As for the interface of received_data, there shouldn't be any changes to existing code. As long as the using code doesn't throw the specific new exception in the callback, the method will simply continue in its current, synchronous fashion.

randombit commented 4 years ago

On that note, how do you assess the test coverage here? Are we good if tests are green?

To be honest the builtin tests (botan-test tls) are basically just smoke tests, can we complete a handshake with ourselves in varying circumstances. Something could be very wrong and those tests might not catch it. The shim-based tests using BoringSSL's hacked test stack are pretty good though. I'd like to get TLS-Attacker and/or tlsfuzzer into CI as well. And/or build my own test TLS stack, but I definitely do not have time for that right now.

hrantzsch commented 4 years ago

After looking into this a bit more, we didn't come up with a robust solution that doesn't require a larger refactoring. I'll just document our findings for the future.

The goal was to allow using code to interrupt the TLS handshake in order to verify certificates asynchronously.
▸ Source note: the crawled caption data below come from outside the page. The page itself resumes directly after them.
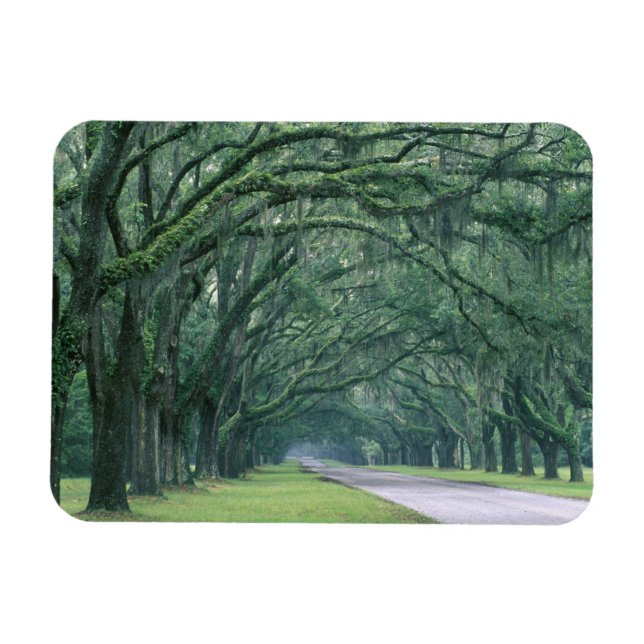 North America, U.S.A., Georgia, Savannah, Magnet (Horizontal)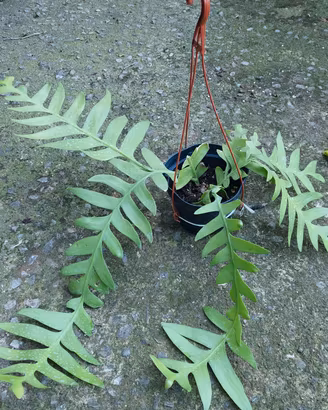 pianta Epiphyllum chrysocardium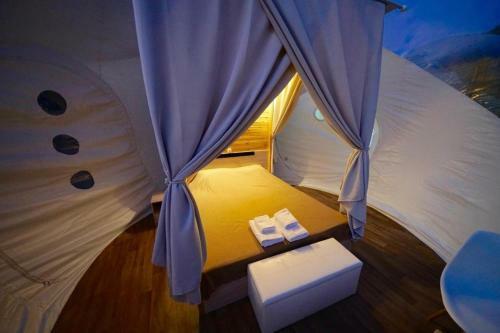 Bubble Suites
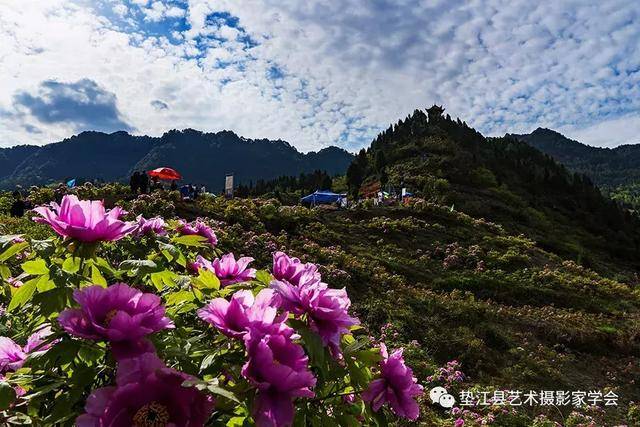 大美墊江之繽紛花季 ·太平牡丹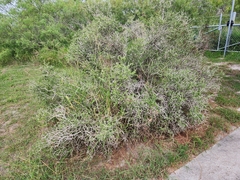 Castela erecta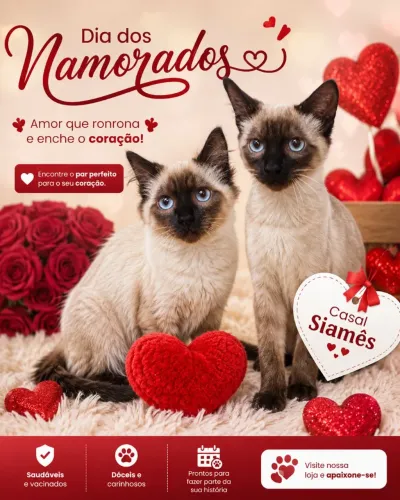 Gato Siamês 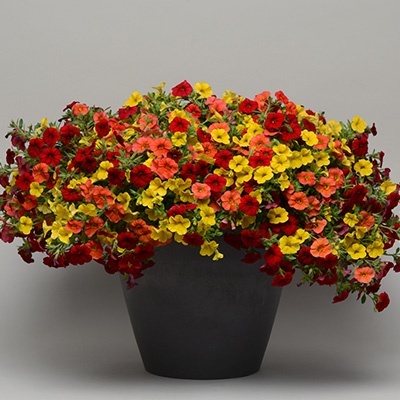 mini-hangpetunia_calibrachoa-parviflora-cabaret-mixmasters-firework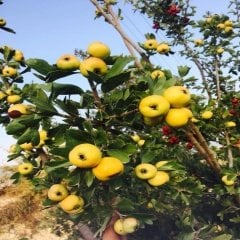 Tüplü Aşılı Hatay Belen Alıç Fidanı (20-40 Cm) 5 Adet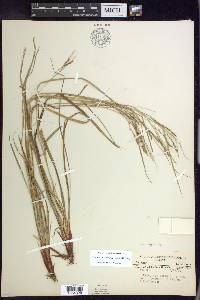 Carex debilis var. rudgei image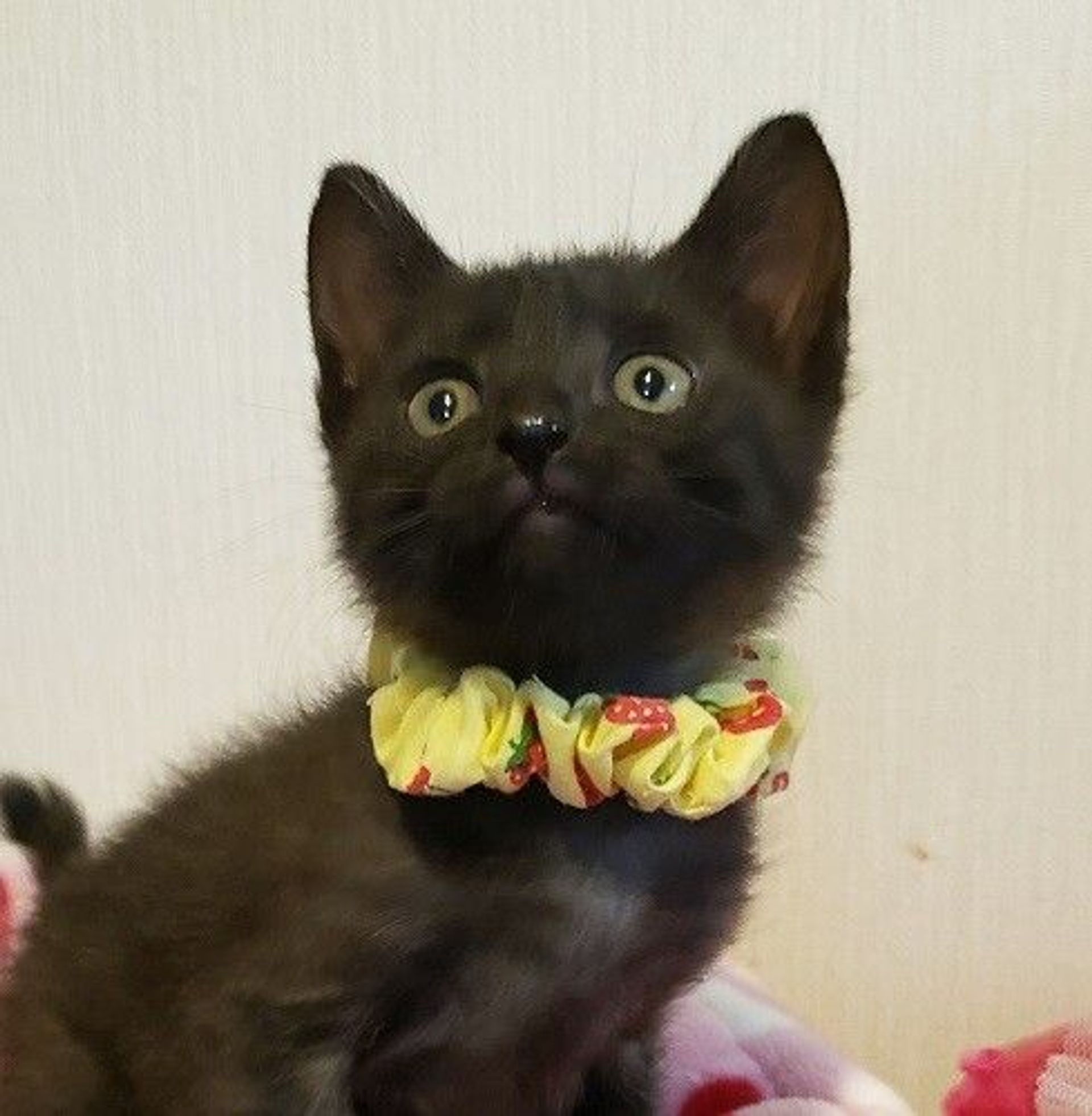 雑種（ミックス猫）・メスの里親募集の写真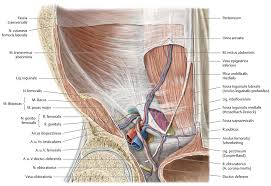 We did not find results for: Leistenkanal Canalis Inguinalis Via Medici Leichter Lernen Mehr Verstehen
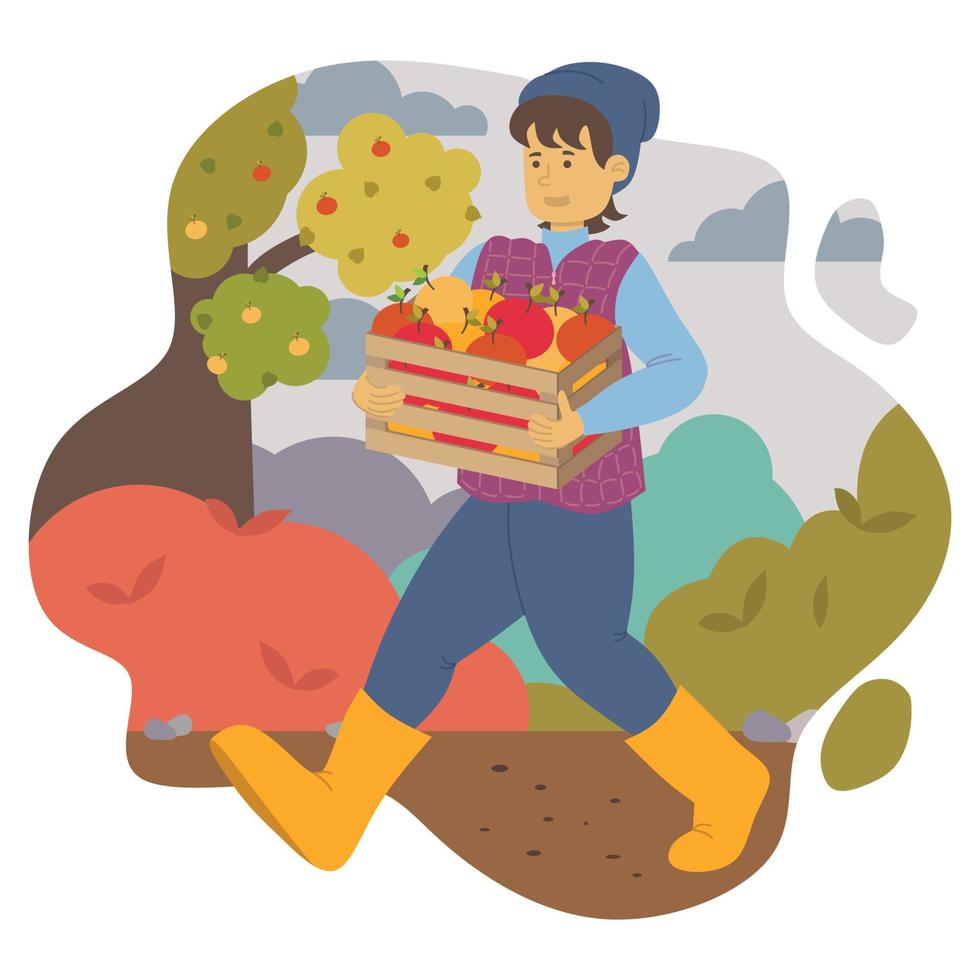 Ilustración vectorial de un chico feliz con un sombrero y botas de goma que llevan una caja de madera con manzanas maduras del jardín vector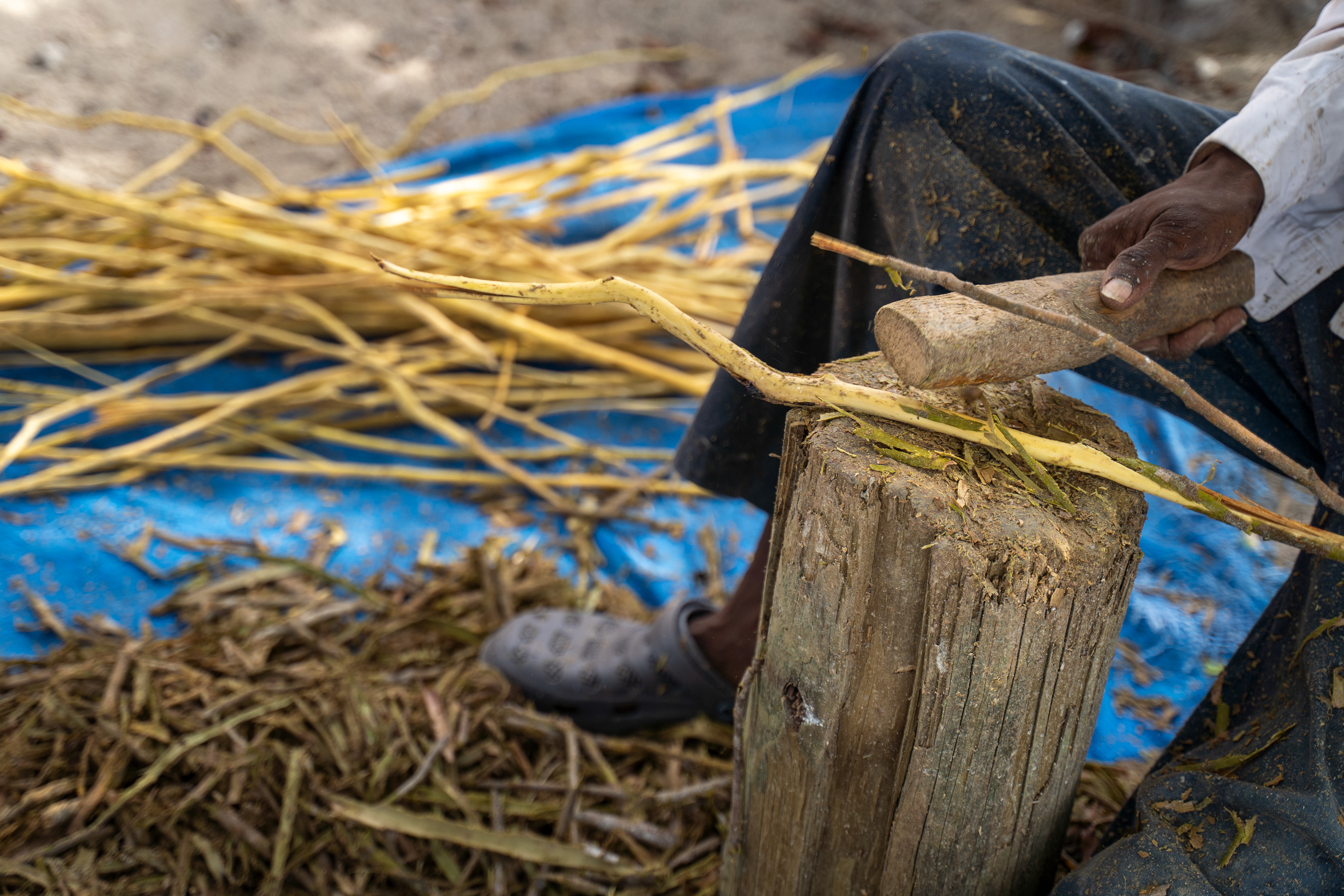 After being carried back, the sticks are then soaked in water, allowing the bark to be easily removed with a wooden stick and then dried in the sun.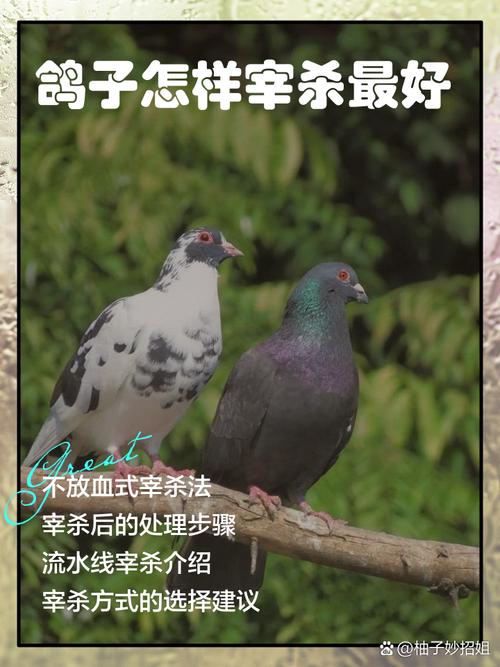灰鸽子专杀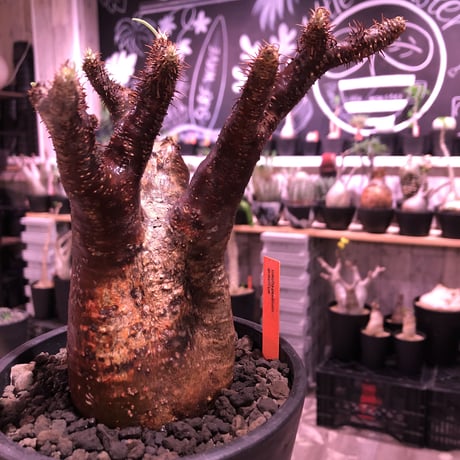 packypodium  gracilius《M  size》※現地球発根済※赤すぎる赤肌&現地焼け堪らぬリトモン渾身の一株‼︎※mad black pot植え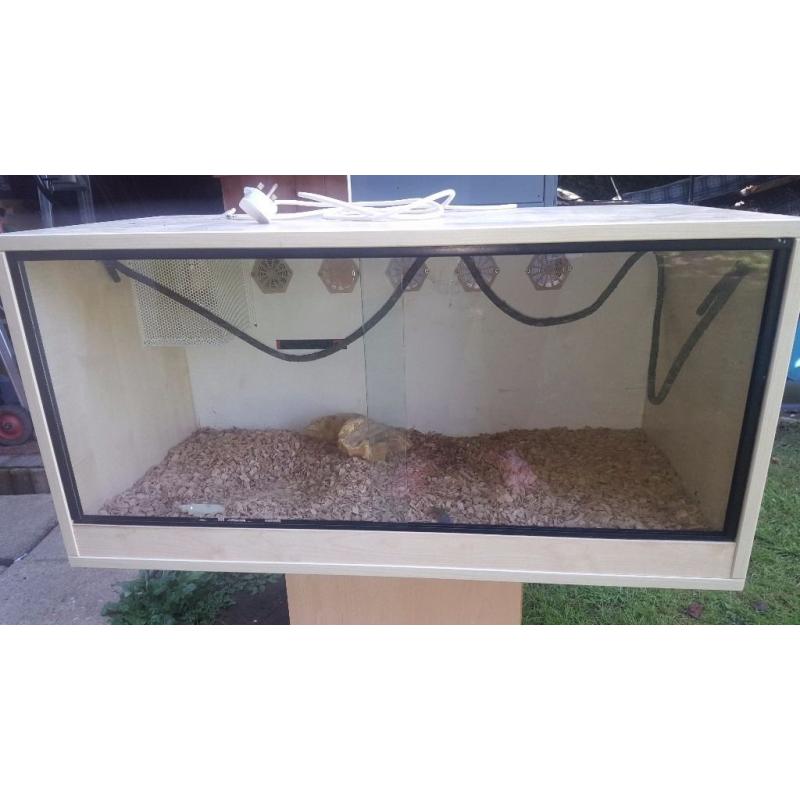 Beech vivariums
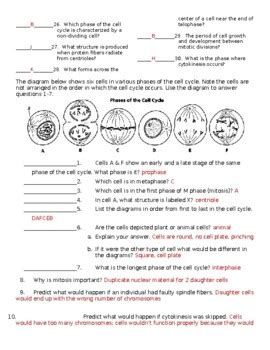 Answer Key Mcdougal Littel Biology Multicellular Life Kindle Editon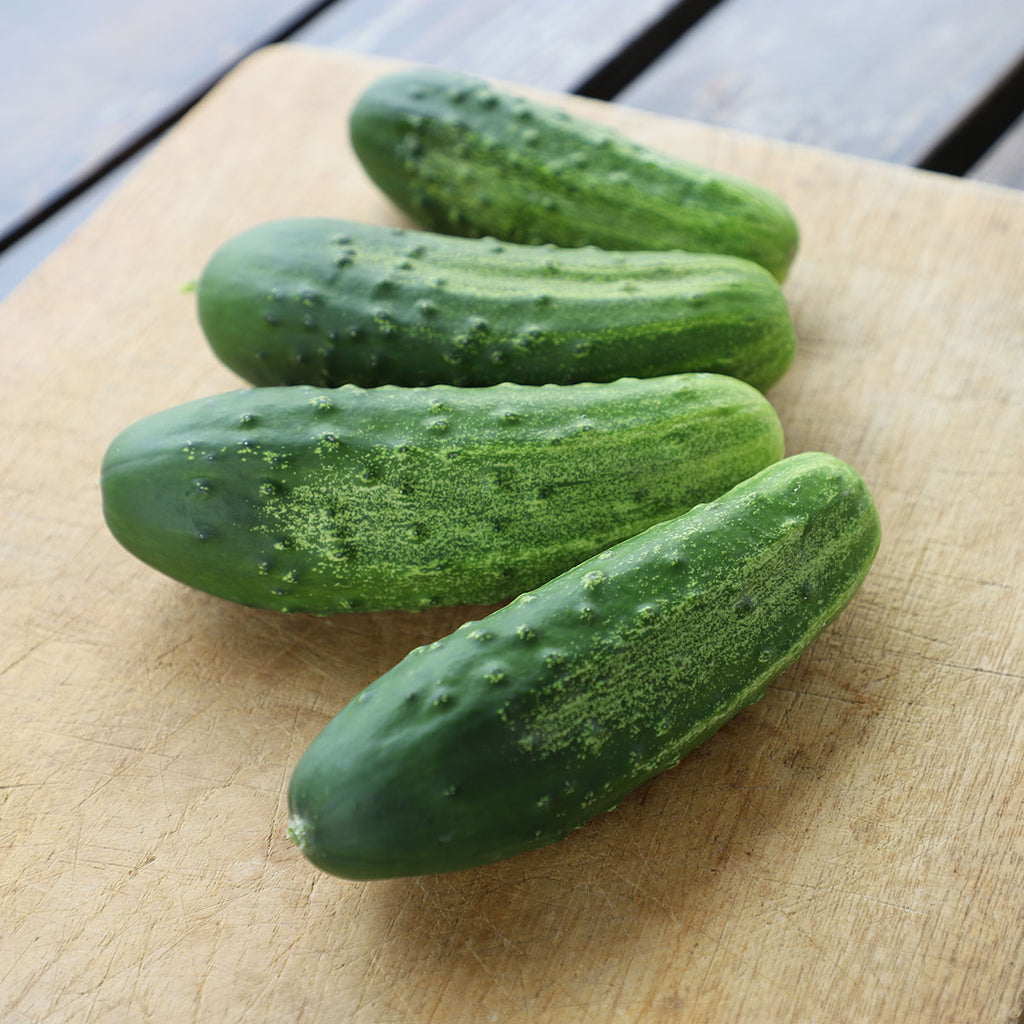 Cucumber Regal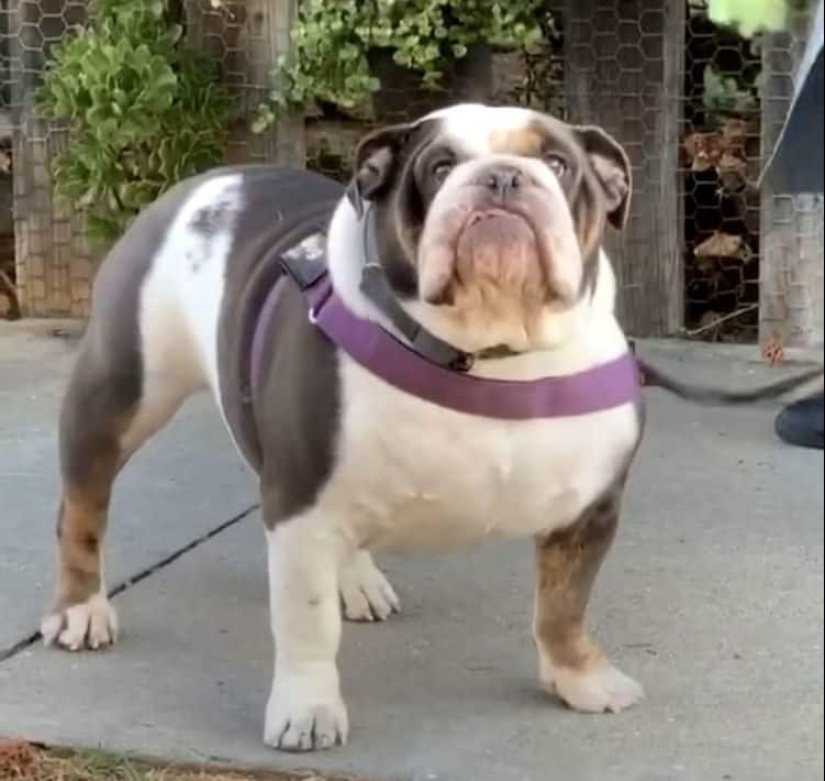 22 pruebas irrefutables de que el tamaño importa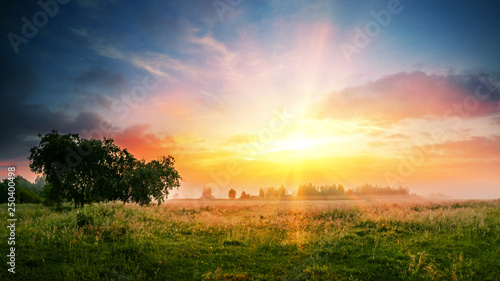 A plain uncultivated field with a single tree and beautiful sunset above it.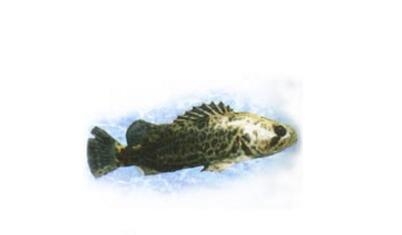 㣨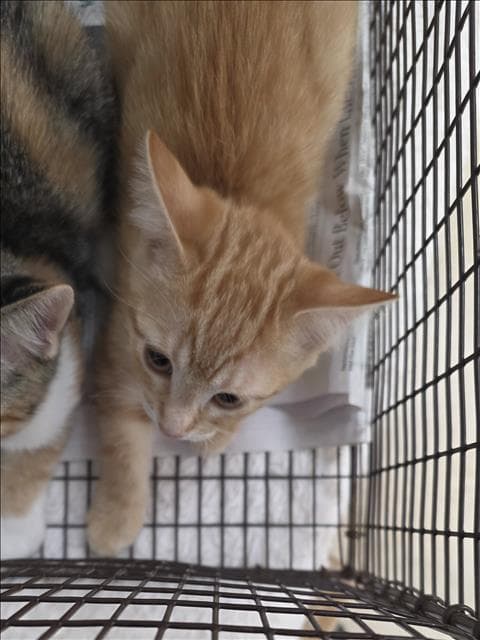 Unknown - Domestic Short Hair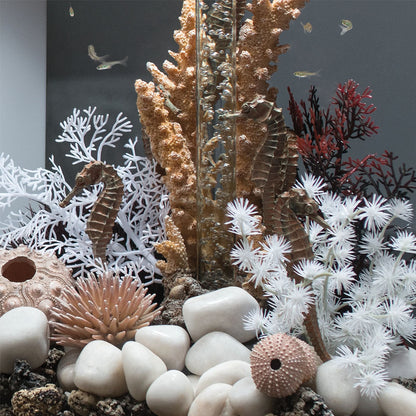 Sea Urchins Set - Natural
In the approach we tried, interrupting the handshake would be implemented by providing a custom exception, say verify_retry_exception, that using code could throw in it's implementation of the tls_verify_cert_chain callback.

In case of the TLS client, Botan calls tls_verify_cert_chain during the TLS handshake in Client::process_handshake_msg. In order to interrupt the handshake, this method would handle the verify_retry_exception by making all preparations needed to pick up the handshake again later and return control to the using code. Allowing the handshake to be picked up at this point is the tricky part here, as we must not only track the state of processing the handshake message(s), but also the state of processing the data in the user-provided buffer passed to received_data.

We got it kind-of-working by simply having the client remember how much data from the user-provided buffer it has already consumed whenever the interrupting exception comes up. However, this seems quite brittle. We'd have to make a lot of assumptions, such as that the user has to call received_data again with the exact same data buffer, when they want to continue the handshake.

We decided to leave it at that for now. Regardless of this specific issue, let us know when you have any concrete tasks we could address to help with the planned refactoring of the TLS internals.